La loi d’octobre 2022 sur la mémoire démocratique approuvée par le Parlement espagnol interdit formellement l’exaltation publique du général Franco et de son régime dictatorial. Pourtant, un certain nombre de responsables politiques issus du parti de droite nationaliste Vox n’hésitent pas à revendiquer leur proximité idéologique avec l’ancien régime.
Ils sont élus en Aragon, dans les Baléares, à Valencia, ou à Castilla y Leon. Ils ont accédé au pouvoir régional dans le cadre d’accords entre la droite classique (Partido Popular) et radicale (Vox). Et ils manifestent un zèle et une nostalgie décomplexés pour le régime franquiste qui gouverna l’Espagne sous la forme d’une dictature de 1936 à 1975.

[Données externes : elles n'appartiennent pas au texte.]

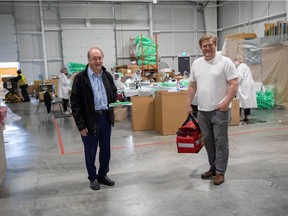 Surrey Mayor Doug McCallum with Dan London, president of Surrey-based Firetech Manufacturing. Firetech retooled part of its operations to manufacture disposable face shields for health authorities during the COVID-19 pandemic.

Par exemple, Alejandro Nolasco, vice-président du conseil régional d’Aragon, est l’auteur d’un livre élogieux sur la División Azul, le contingent de l’armée espagnole qui a combattu sur le front russe aux côtés des Nazis. Toujours en Aragon, Esmeralda Pastor et Jorge Valero, directeurs des ministères régionaux, respectivement de la justice et de l’agriculture, ont été pointés du doigt par le gouvernement espagnol. Les deux responsables de Vox risquent une amende comprise entre 10.000 et 150.000 euros pour exaltation du régime antérieur. La première pour apparaître sur les réseaux sociaux devant un drapeau franquiste, le second pour avoir loué dans une interview la personnalité politique du général.

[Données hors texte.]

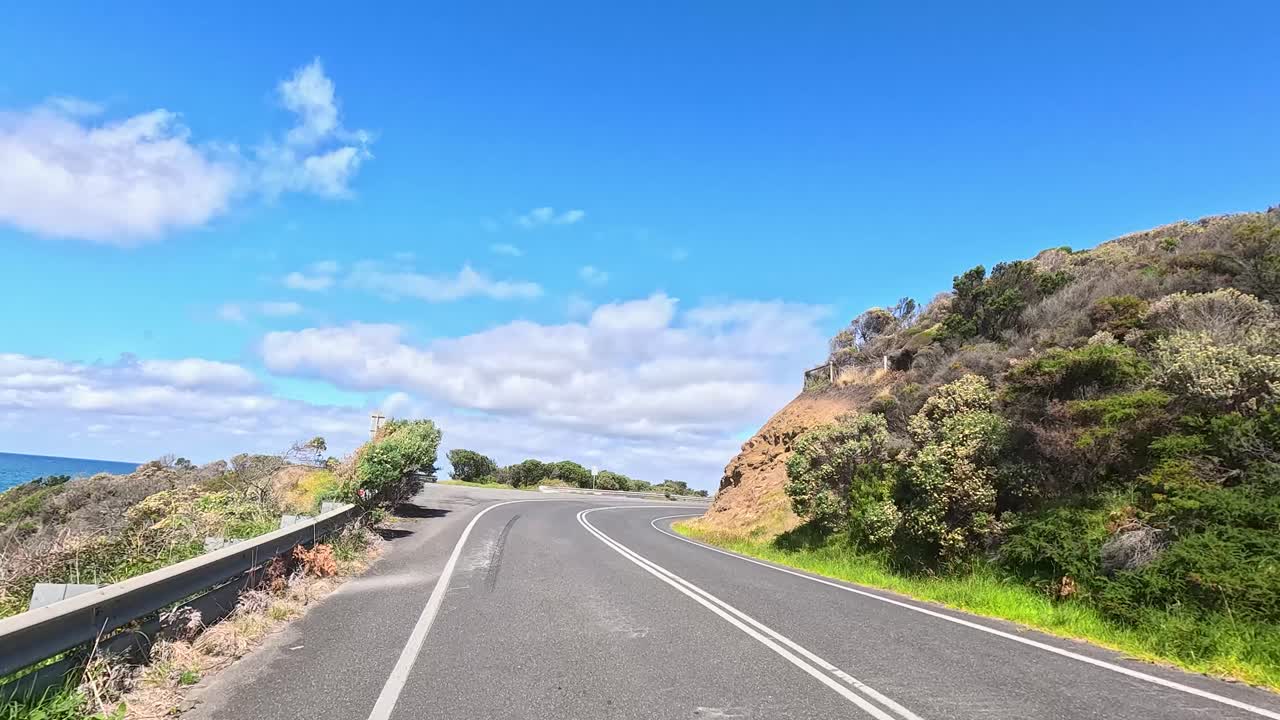 A 14-second video captures a sunny drive along the winding Great Ocean Road, showcasing lush greenery and ocean views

Esmeralda Pastor devant un drapeau franquiste
Du coup, toute la pression retombe sur le président régional d’Aragon Jorge Azcón, figure pourtant centriste du Partido Popular. Face aux demandes de la gauche de limoger les hauts fonctionnaires aux tendances franquistes, le président aragonais a opposé une fin de non-recevoir. Avec des arguments : tout en taxant les déclarations des concernés comme malheureuses, celles-ci sont antérieures à leur prise de fonctions, ils étaient à l’époque des citoyens anonymes, et les publications ont été effacées des réseaux sociaux.
Dans toute l’Espagne
Mais les dérapages franquistes ne sont pas circonscrits à la région aragonaise. Le vice-président et ministre régional en charge de la culture à Valence, Vicente Barrera, est un torero sulfureux. Il a fait l’éloge du régime de Franco à plusieurs reprises sur les réseaux sociaux : « La classe politique du régime de Franco était brillante, sûrement la plus cultivée et la plus préparée que nous ayons eue depuis des siècles ». Plus au centre du pays, on trouve le vice-président en Castilla y León, Juan García-Gallardo également membre du parti Vox. Il a justifié sur les réseaux sociaux le coup d’État du 18 juillet 1936 qui a porté au pouvoir Franco: « sans le soulèvement national, l’Espagne aurait fini par devenir une république soviétique« .
Entre la présence de la gauche radicale aux tendances communistes au sein du gouvernement espagnol et les dérapages de Vox, le clivage politique en Espagne reste vif.